[python] Add compaction module with Ray distributed executor#7771
Draft
TheR1sing3un wants to merge 12 commits intoapache:masterfrom
Draft
[python] Add compaction module with Ray distributed executor#7771TheR1sing3un wants to merge 12 commits intoapache:masterfrom
TheR1sing3un wants to merge 12 commits intoapache:masterfrom
Conversation
Lay the protocol-level groundwork for upcoming compaction work: - CommitMessage gains compact_before / compact_after fields so a single message can carry both deletion and addition of files in a compact result. - FileStoreCommit emits ADD entries for compact_after and DELETE entries for compact_before; commit() auto-selects COMPACT kind when no new_files are present, and a dedicated commit_compact() helper enforces COMPACT-only semantics with no row-id assignment. - DataFileMeta exposes to_dict / from_dict round-trip plus tagged-value encoding (bytes, decimal, datetime, date, time, Timestamp) so file metas can be shipped JSON-safely between processes. - New CommitMessageSerializer wraps the JSON form for use as a CompactTask payload (Phase 4 will consume it from the Ray executor). No write/read behavior changes for existing callers.

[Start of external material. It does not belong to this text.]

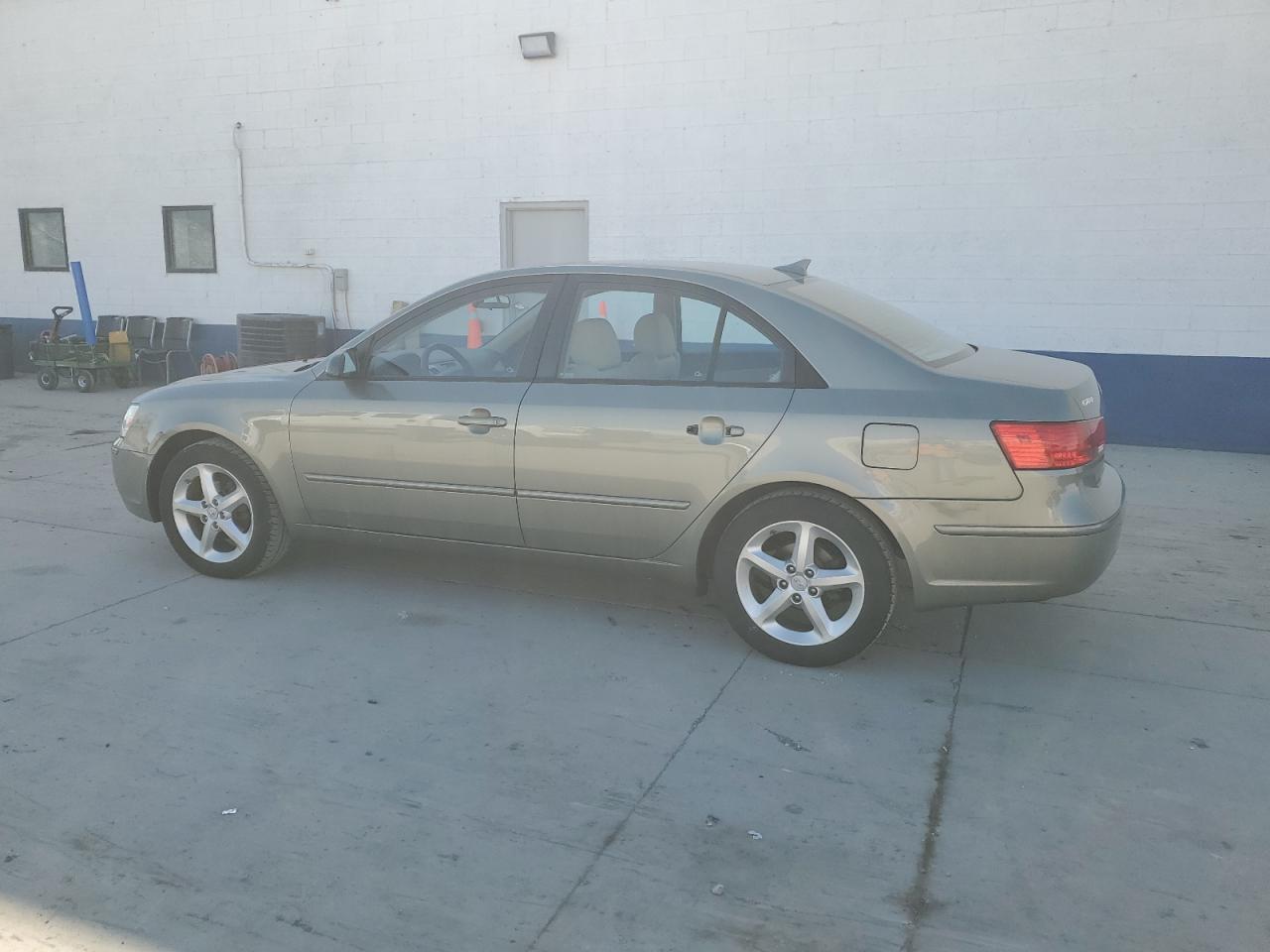 2010 Hyundai Sonata - Image 2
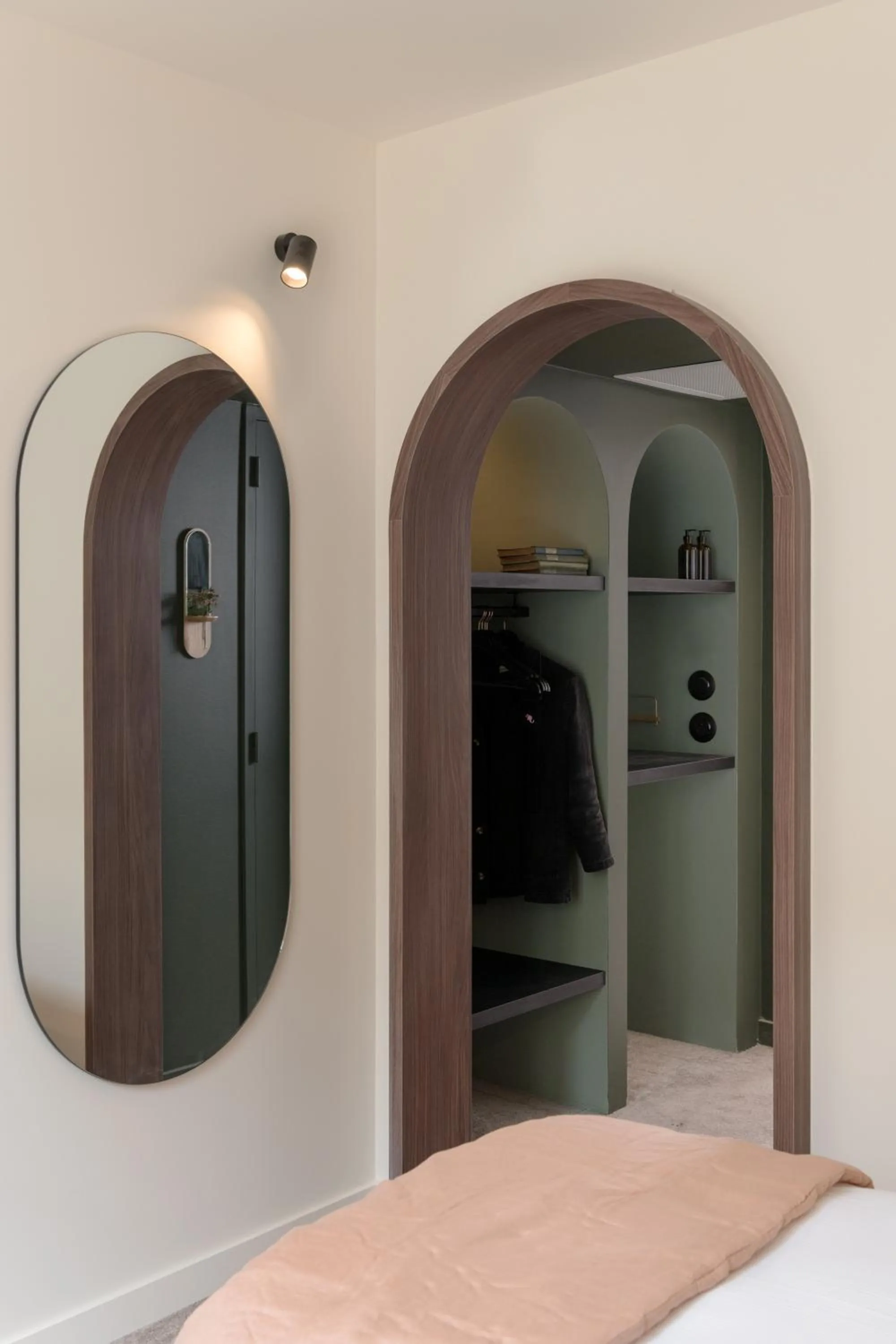 Bedroom, Bed in Hôtel Le Prieuré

… values Promote encode_value/decode_value to the public DataFileMeta API and reuse them for CommitMessage.partition. Without this, partitions containing DATE/DECIMAL/bytes/Timestamp would crash json.dumps once Phase 4 ships CommitMessage payloads through Ray workers. Tests: round-trip date/Decimal/bytes and Timestamp partition tuples.
End-to-end Append-only compaction in-process, exposed as
table.new_compact_job(...).execute(). The plumbing follows the same
Coordinator → Executor → Driver-commit shape Spark uses, so plugging
in a Ray backend in Phase 4 only swaps out the executor.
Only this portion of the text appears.